#### [WHAT THE TASK REQUIRES]
Take the line containing "Romen Witte Cement" through the last line of the data and retype those lines exactly. Pictures do not belong in the copy.

#### [SOURCE DATA]
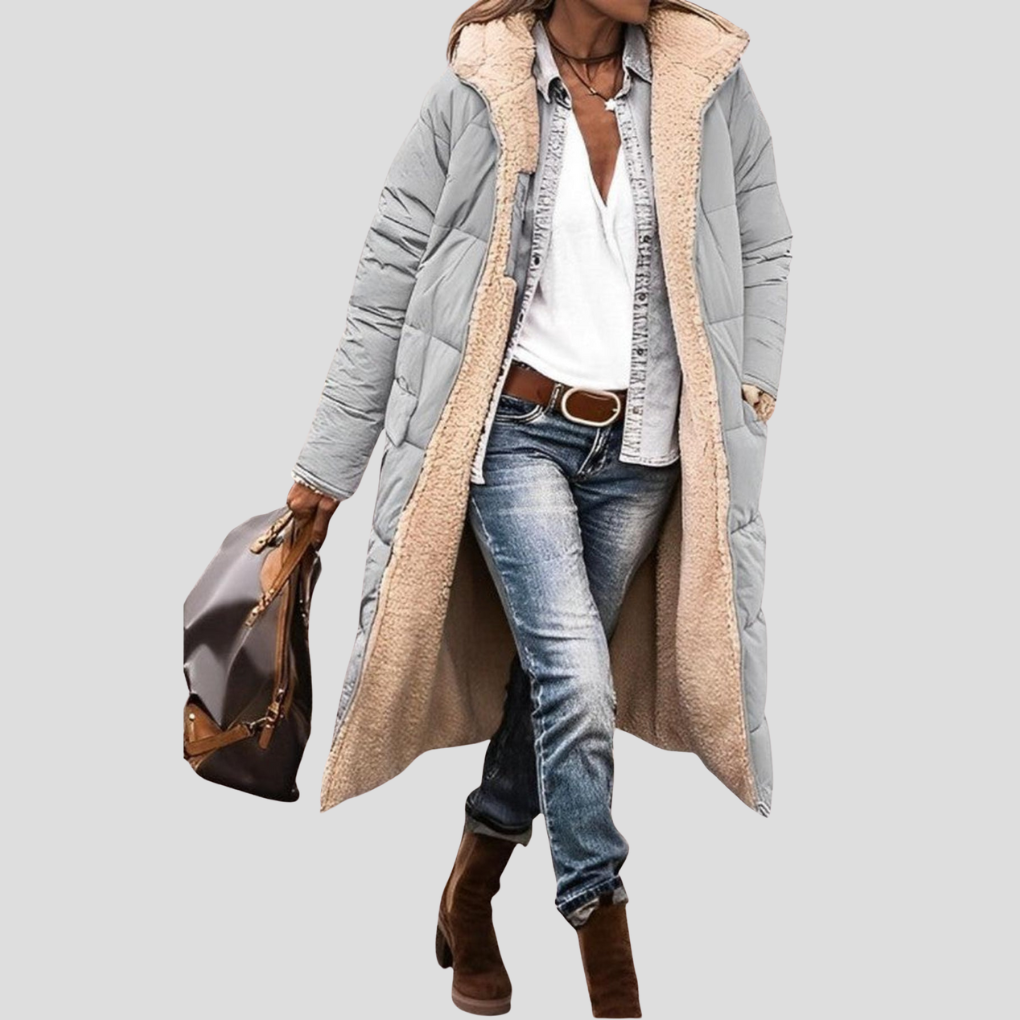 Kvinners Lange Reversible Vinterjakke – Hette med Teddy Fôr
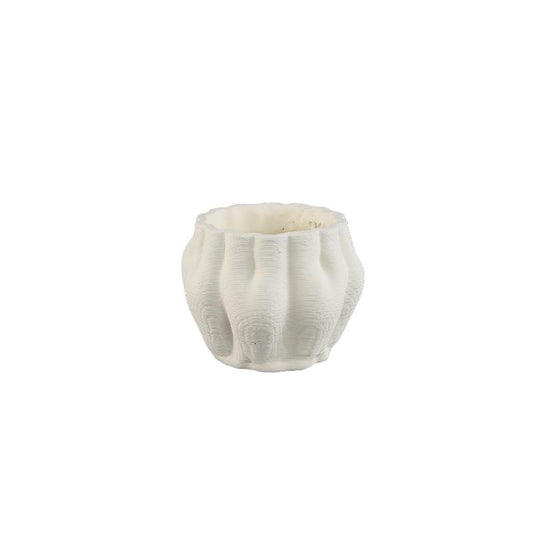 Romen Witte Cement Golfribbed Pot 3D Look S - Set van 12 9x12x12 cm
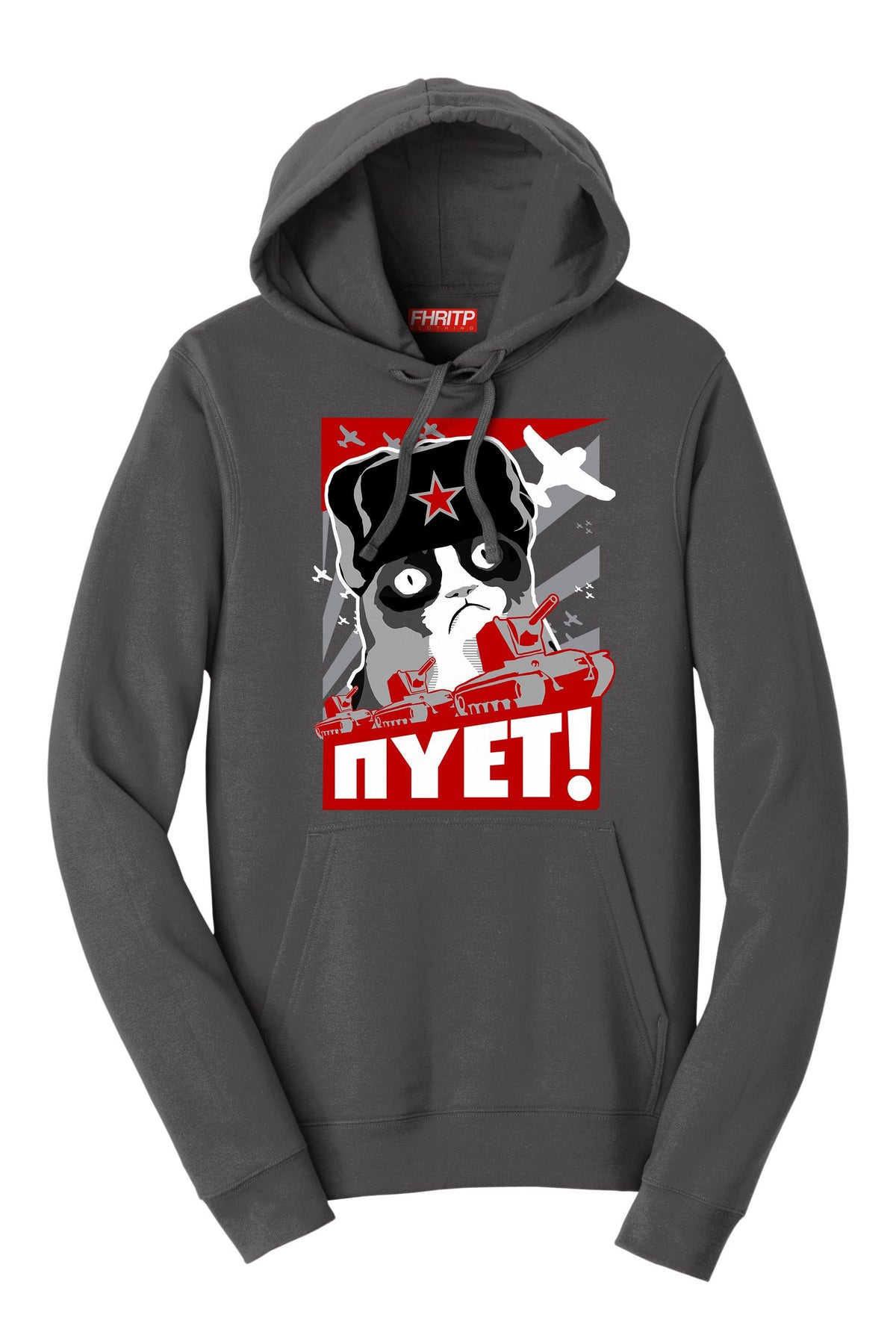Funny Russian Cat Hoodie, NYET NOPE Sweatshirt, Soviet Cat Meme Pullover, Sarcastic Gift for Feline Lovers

#### [RESPONSE TO THE EXERCISE]
 Romen Witte Cement Golfribbed Pot 3D Look S - Set van 12 9x12x12 cm
Funny Russian Cat Hoodie, NYET NOPE Sweatshirt, Soviet Cat Meme Pullover, Sarcastic Gift for Feline Lovers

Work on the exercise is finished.